Front-runner in Florida Senate race called extremist
MIAMI (Reuters) - Florida Governor Charlie Crist attacked Republican Marco Rubio, the front-runner in the race for the state's open Senate seat, saying on Sunday he held "extreme views" in a party that has swung too far to the right.
Rubio, a Cuban-American and former state House speaker from Miami, has built up a commanding lead in the three-way contest that pits him against Crist, a former Republican now running as an independent, and Democratic Congressman Kendrick Meek in the November 2 congressional election.
An Ipsos poll published in the Miami Herald on Sunday showed 41 percent of likely voters supporting Rubio compared to 26 percent for Crist and 20 percent for Meek.

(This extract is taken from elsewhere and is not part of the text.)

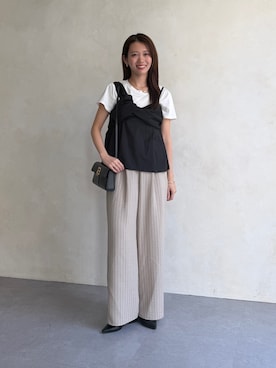 「Chez toi（シェトワ）のストライプイージーパンツ（その他パンツ、ベージュ系）」を使った、いたみかなこさん（レディース・161cm）の夏コーディネート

Many pundits have said Crist, 54 and a lifelong Republican until he broke with the party this year, would be competitive in a two-way race between him and Rubio. But Rubio has solidified his lead in a state hard hit by record-high unemployment and the U.S. housing crisis.
Public discontent with President Barack Obama and the ailing U.S. economy has swept Republicans into position to gain control of the U.S. House of Representatives and perhaps even pick up the 10 Democratic seats they need for a Senate majority.
The contest in Florida, an influential swing state, could help decide the balance of power in Washington. The seat Rubio looks almost certain to win was previously held by Republican Mel Martinez, who resigned from the Senate for personal reasons in August 2009. Crist appointed Republican George LeMieux as the successor to Martinez for the remaining year and a half of the Senate term.
Like other Republicans, Rubio has sought to make the vote a mandate on what he has branded the failed economic policies of Obama.
TRYING TO NARROW LEAD
Crist sought to narrow that lead, and galvanize his standing among independents, by saying in a debate with Rubio and Meek moderated by CNN on Sunday that he broke ranks with Republicans because the party had moved too far to the right.
He fervently denied leaving the party because Rubio, a favorite of the anti-Washington Tea Party movement, was sure to beat him in the Republican primary two months ago.
"The Republican Party and the right wing of that party went so far right; it's exactly why Marco Rubio stayed there and exactly the same reason that I left," Crist said.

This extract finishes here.